Details
-
Bug
-
Status: Resolved
-
Major
-
Resolution: Fixed
-
3.0.3, 3.1.2, 3.2.0
-
None
Description
Python UDFs in Spark SQL are run in a separate Python process. The Python process is fed input by a dedicated thread (`BasePythonRunner.WriterThread`). This writer thread drives the child plan by pulling rows from its output iterator and serializing them across a socket.
When the child exec node is the off-heap vectorized Parquet reader, these rows are backed by off-heap memory. The child node uses a task completion listener to free the off-heap memory at the end of the task, which invalidates the output iterator and any rows it has produced. Since task completion listeners are registered bottom-up and executed in reverse order of registration, this is safe as long as an exec node never accesses its input after its task completion listener has executed.

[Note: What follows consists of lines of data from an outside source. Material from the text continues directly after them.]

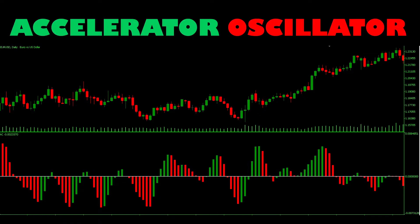A note: if you are hand-drawing your oscillators, be aware that both the Accelerator and the Awesome Oscillator are calculated with the median price — that's done by adding together the high and the low prices from the period and dividing by two.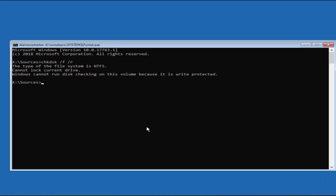Right now it is showing that my disk is write-protected, that's why it is not proceeding. But once I restart my PC, it will start automatically and begin the process of checking the system file errors. This is the third step you need to perform.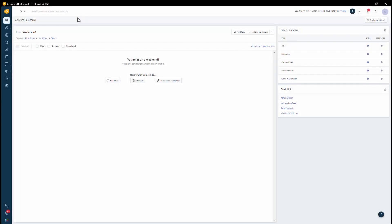Hi, today I'm going to show you how you can use the CPQ module inside Freshworks CRM. The first thing that you need to do is create a document template.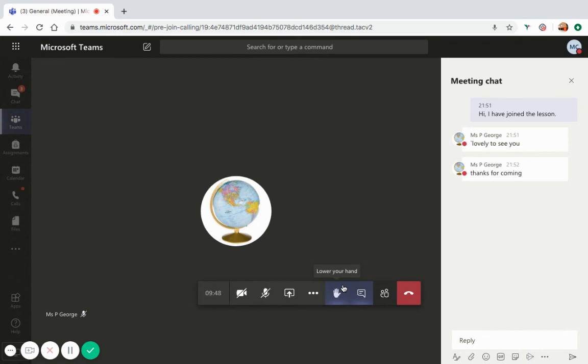When you are ready to leave the lesson, you may do so by clicking the red hang up button.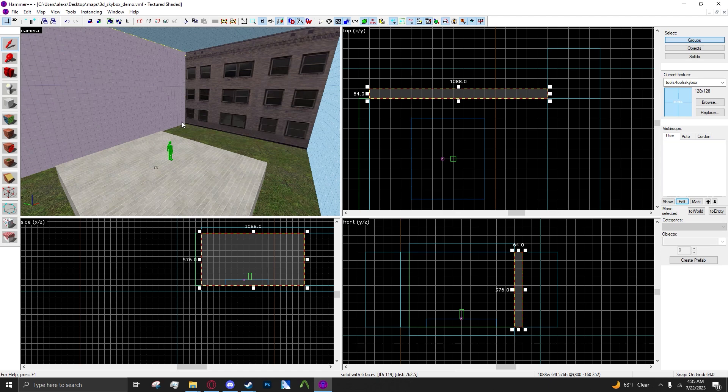Hello everyone and welcome to another Hammer tutorial. In this tutorial I'm going to be showing you how to make a 3D skybox for your map.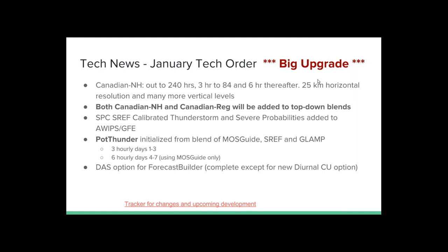Let's get into this tech order that we've been working on for about the last month. Lots of updates coming out with it. For the ITO GFE focals, the tech order should be pretty easy — probably about an hour and a half to go through it — because we've done a lot of updates on the tech side to make the installs easier. The biggest one — actually one of the bigger ones — is the Canadian: everybody will now have the Canadian out to 240 hours, three-hourly to 84 and then six-hourly thereafter. This will affect your super blend POPs and the top-down blends.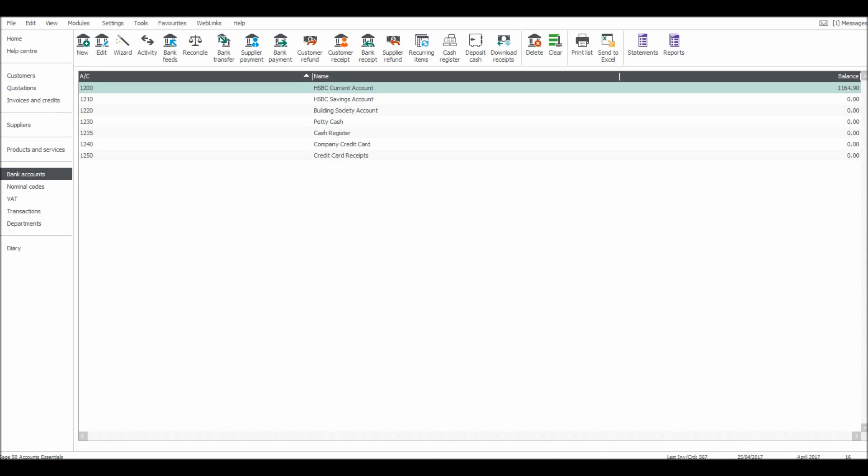In the previous couple of videos, I've been through recording payments and receipts with bank accounts on Sage 50 Accounts. I'm now going to show you how to do a bank transfer. So there's a bit of money in this HSBC Current Account now, just over £1,000. Let's say £500 was transferred to the savings account. All you need to do is click Bank Transfer here.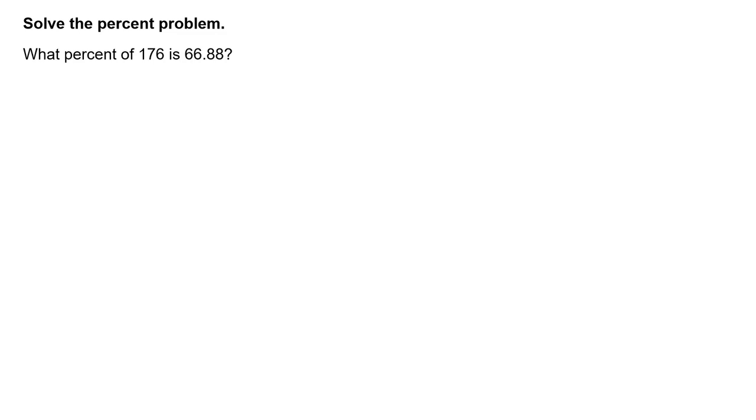Solve the percent problem. What percent of 176 is 66.88?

The BasePythonRunner task completion listener violates this assumption. It interrupts the writer thread, but does not wait for it to exit. This causes a race condition that can lead to an executor crash:
1. The Python writer thread is processing a row backed by off-heap memory.
2. The task finishes, for example because it has reached a row limit.
3. The BasePythonRunner task completion listener sets the interrupt status of the writer thread, but the writer thread does not check it immediately.
4. The child plan's task completion listener frees its off-heap memory, invalidating the row that the Python writer thread is processing.
5. The Python writer thread attempts to access the invalidated row. The use-after-free triggers a segfault that crashes the executor.
https://issues.apache.org/jira/browse/SPARK-33277 describes the same issue, but the fix was incomplete. It did not address the situation where the Python writer thread accesses a freed row.